Exercise description: From the line that contains "Image No.37-5 Bed Property for sale" through the closing line of the entries, write out each line exactly; pictures stay out.

Records for the task:
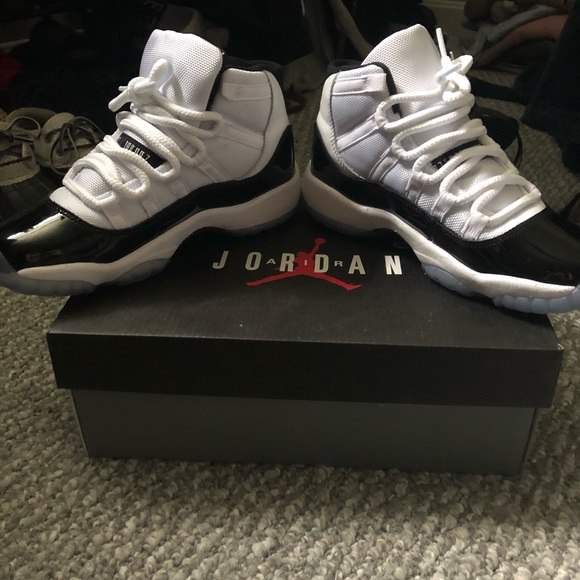 COPY - New Size4 Boys Jordan 11 Retro Concord (20… - Picture 5 of 8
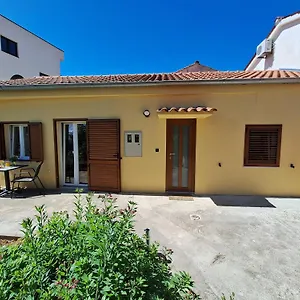 Olga Apartman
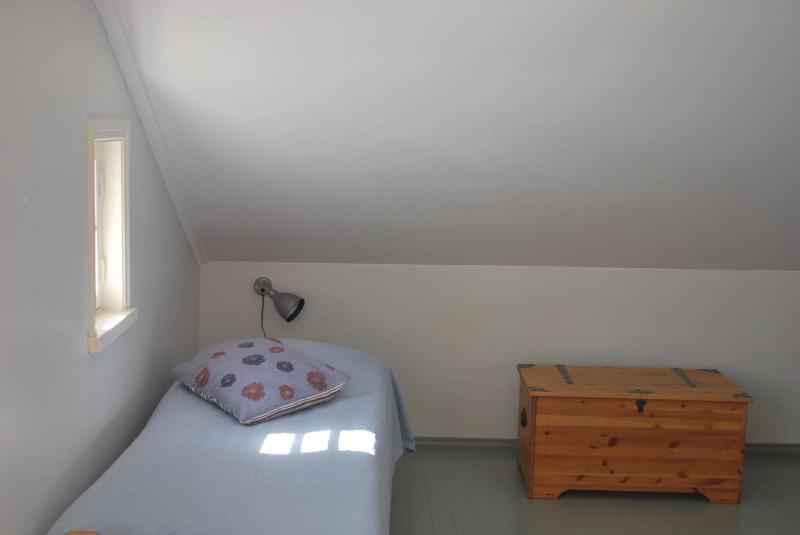 Quadruple Room with Shared Bathroom image 4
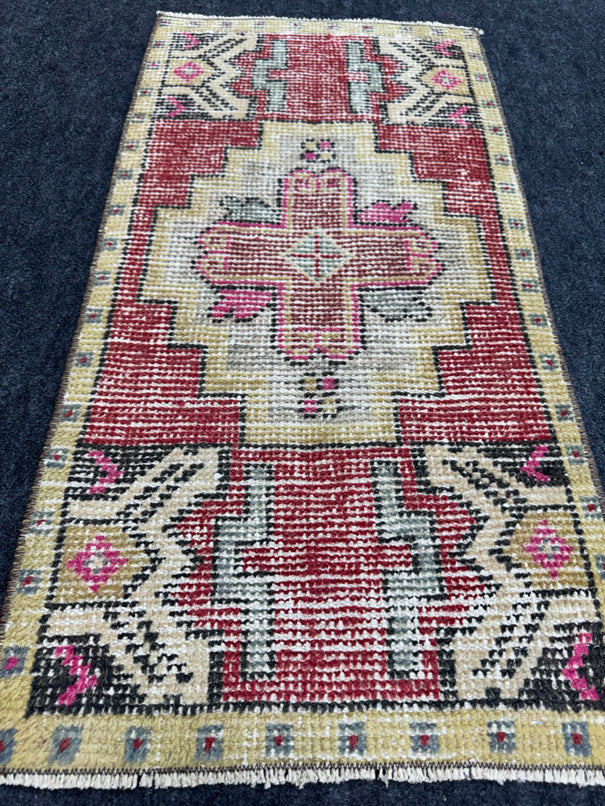 Turkish Yastik Rug  1'6" x  3'1" #24375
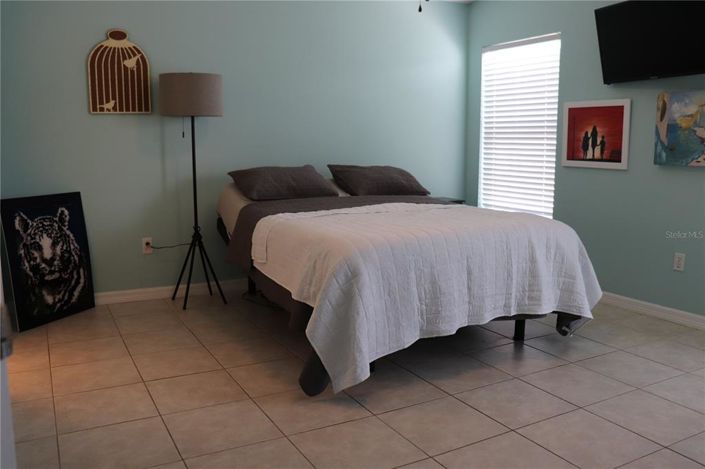 Image No.37-5 Bed Property for sale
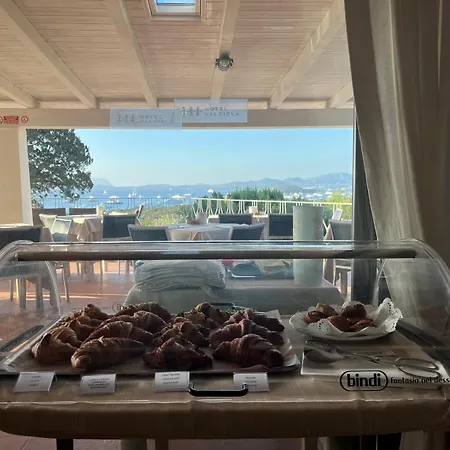 Hotel Valdiola 3*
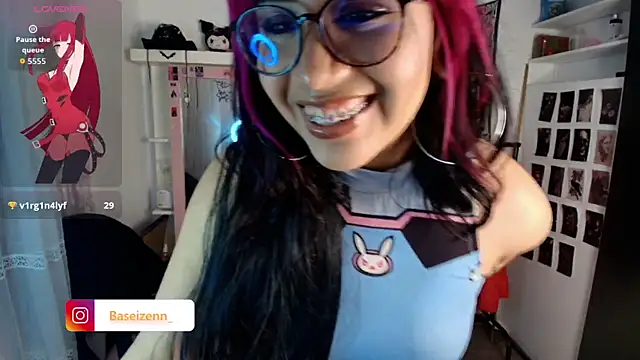 exodiakinky2's Webcam Show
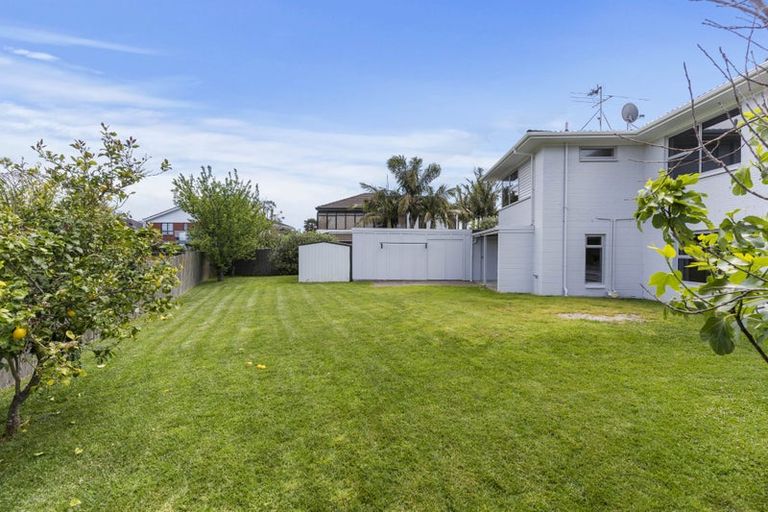 Photo of property in 24 Gulf Crest, Bucklands Beach, Auckland, 2012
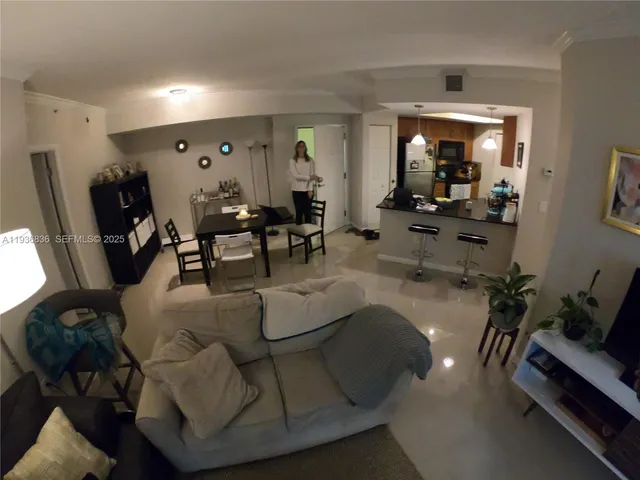 $2,900 | 2000 North Bayshore Drive, Unit 223, Miami, FL 33137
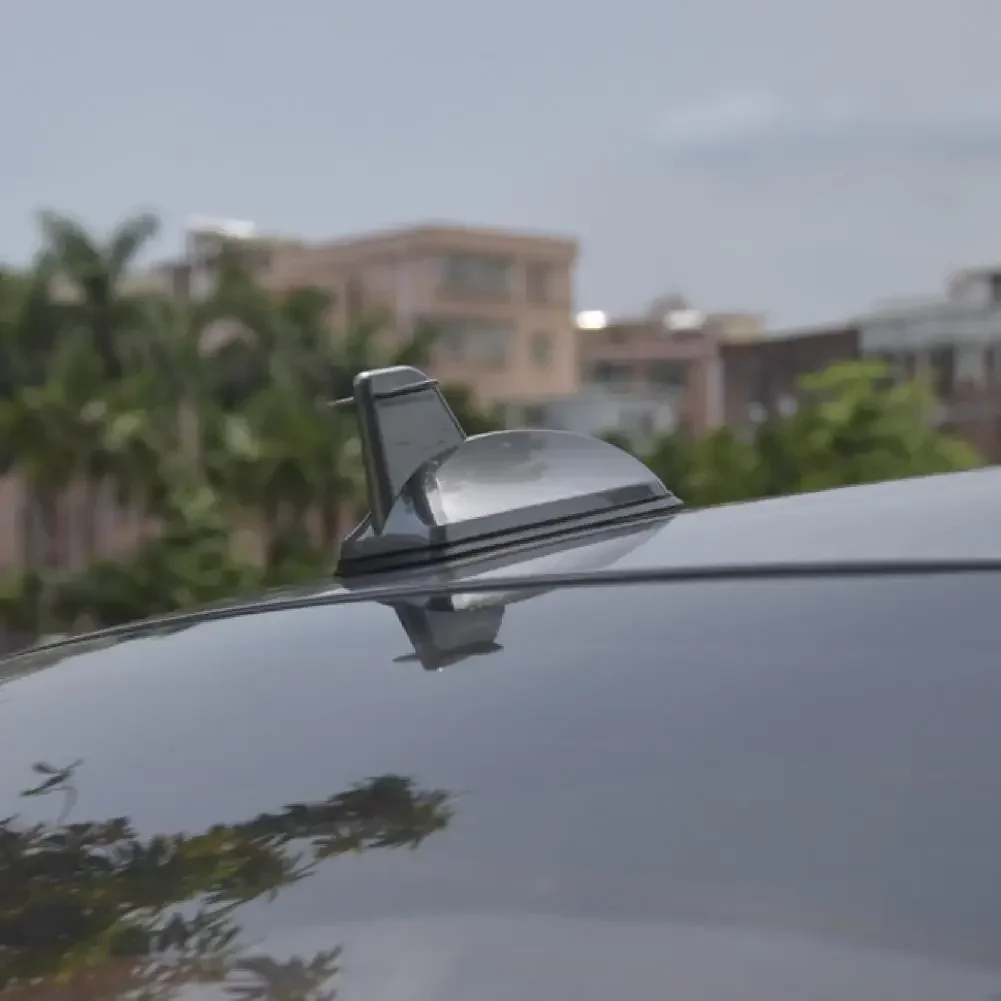1PCS Universal Car Shark Fin Antenna Auto Radio Signal Aerials Roof Antennas Car Styling Exterior Parts Aerials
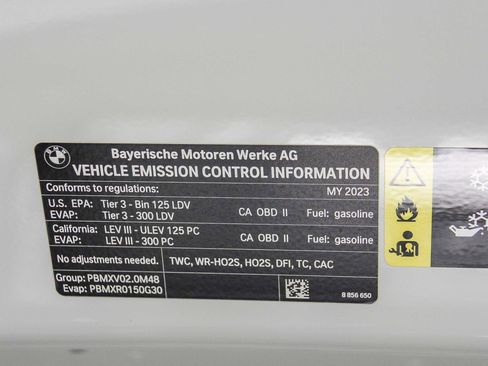 Used 2023 BMW 230i Coupe w/ Convenience Package image 28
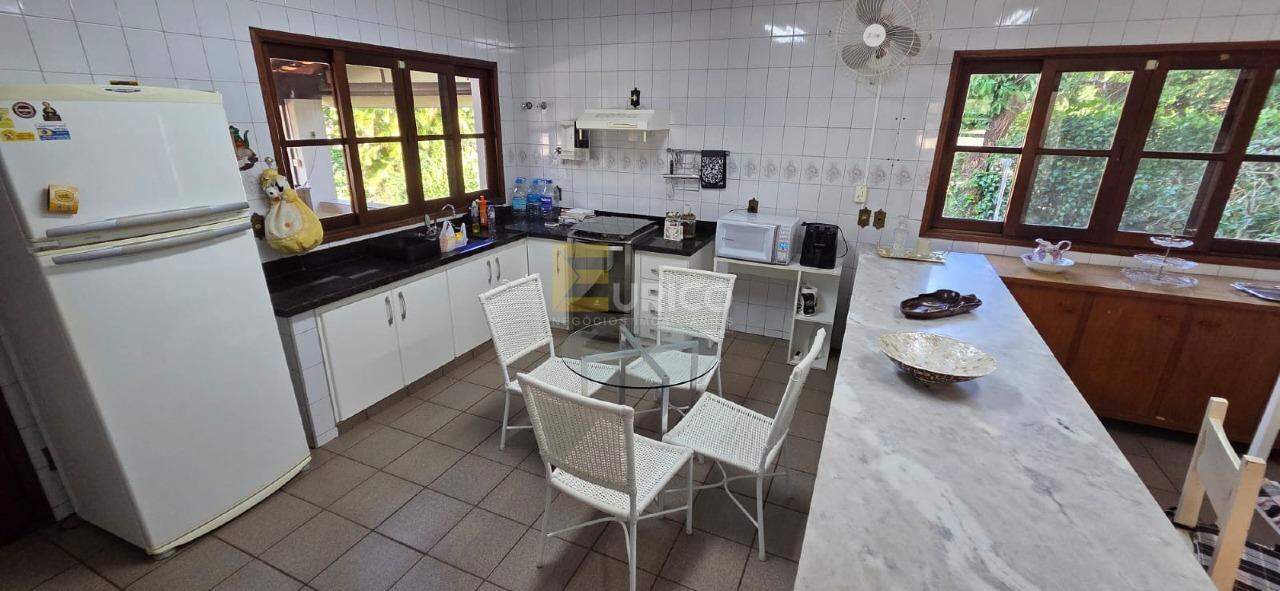 Casa em condomínio à venda no Condomínio Estância Marambaia em Vinhedo/SP: 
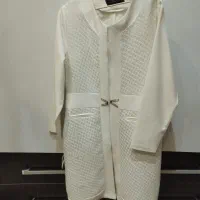 یک مانتو و یک دست کت ودامن نو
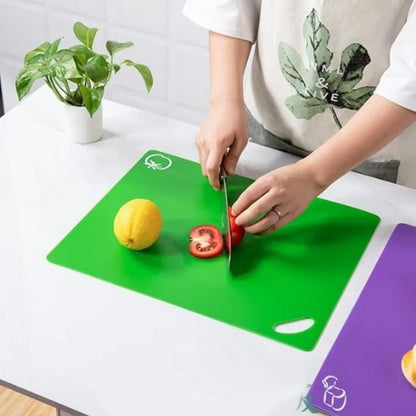 Planche a decouper flexible utilisation facile
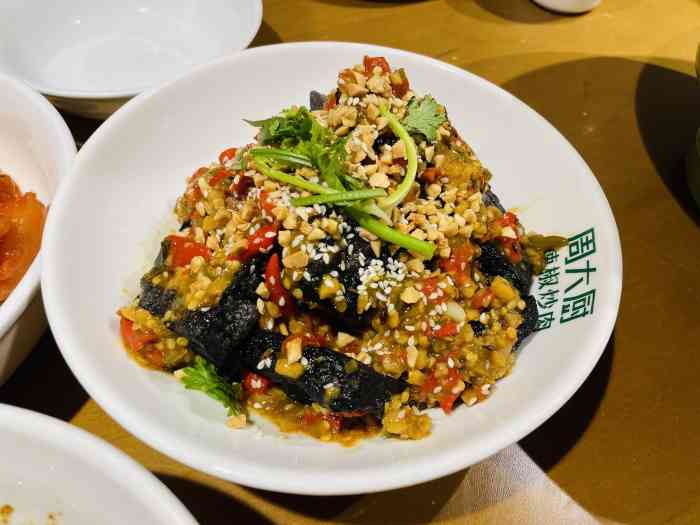 周大厨辣椒炒肉(海州万达店)-"在万达四楼,肯德基一侧的楼上,过年期间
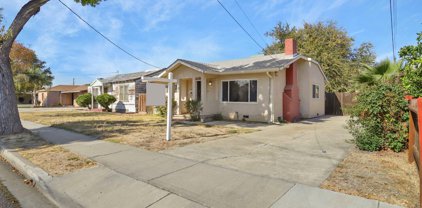 219 W Whittier Avenue, Tracy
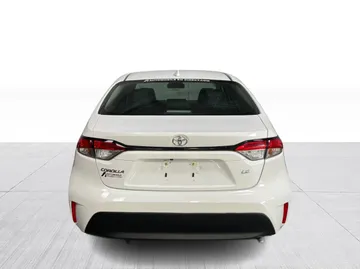 2023 Toyota Corolla - image 10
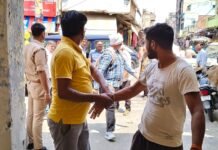 घूसखोर खनन अधिकारी संजय सिंह रिश्वत लेते आवास से रंगे हाथ दबोचा गया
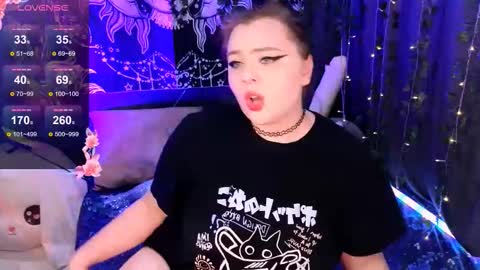 marshmallowbeauty_ online show from November 9, 7:01 pm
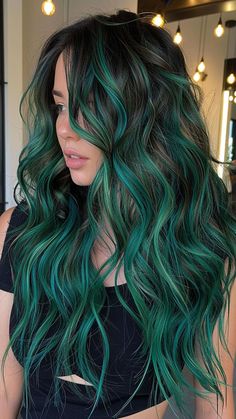 Emerald Green Balayage, Goth Hair Dye Ideas, Colored Hair Strands, Green Balayage Hair, Hair Color Ideas Green, Emerald Green Hair Color, Green Hair Inspiration, Green Balayage, Green Hair Color Ideas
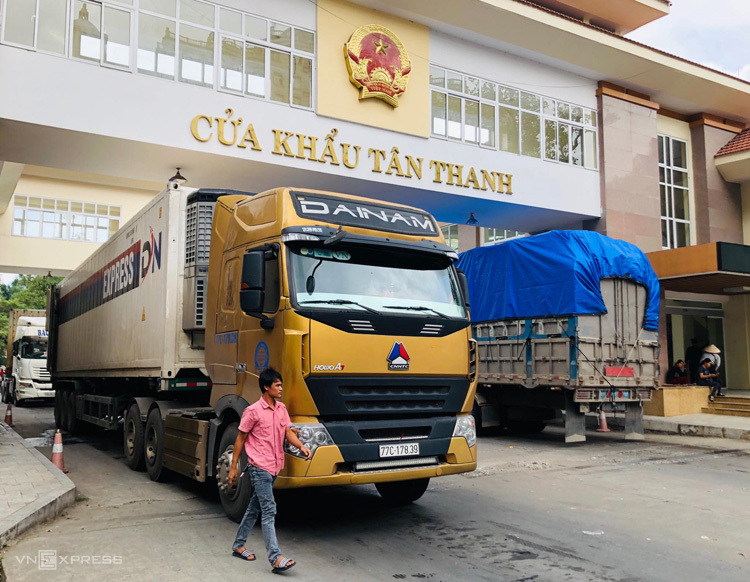 Xe hàng qua cửa khẩu Tân Thanh (Lạng Sơn). Ảnh: Anh Tú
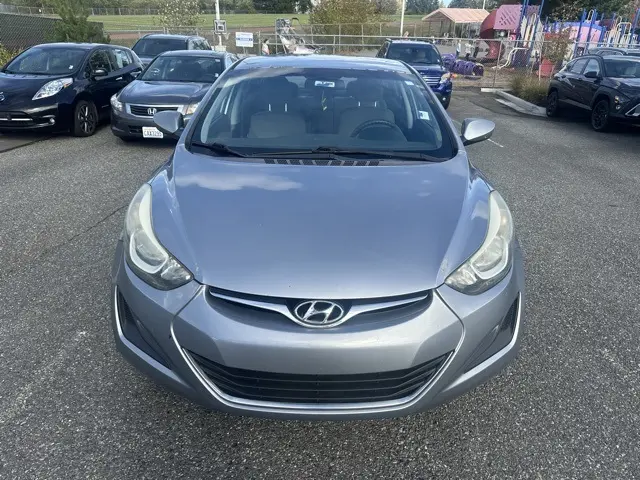 2016 Hyundai Elantra SE photo 2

Task result:
 Image No.37-5 Bed Property for sale
 Hotel Valdiola 3*
 exodiakinky2's Webcam Show
 Photo of property in 24 Gulf Crest, Bucklands Beach, Auckland, 2012
 $2,900 | 2000 North Bayshore Drive, Unit 223, Miami, FL 33137
1PCS Universal Car Shark Fin Antenna Auto Radio Signal Aerials Roof Antennas Car Styling Exterior Parts Aerials
 Used 2023 BMW 230i Coupe w/ Convenience Package image 28
 Casa em condomínio à venda no Condomínio Estância Marambaia em Vinhedo/SP: 
 یک مانتو و یک دست کت ودامن نو
 Planche a decouper flexible utilisation facile
 周大厨辣椒炒肉(海州万达店)-"在万达四楼,肯德基一侧的楼上,过年期间
 219 W Whittier Avenue, Tracy
 2023 Toyota Corolla - image 10
 घूसखोर खनन अधिकारी संजय सिंह रिश्वत लेते आवास से रंगे हाथ दबोचा गया
 marshmallowbeauty_ online show from November 9, 7:01 pm
 Emerald Green Balayage, Goth Hair Dye Ideas, Colored Hair Strands, Green Balayage Hair, Hair Color Ideas Green, Emerald Green Hair Color, Green Hair Inspiration, Green Balayage, Green Hair Color Ideas
 Xe hàng qua cửa khẩu Tân Thanh (Lạng Sơn). Ảnh: Anh Tú
 2016 Hyundai Elantra SE photo 2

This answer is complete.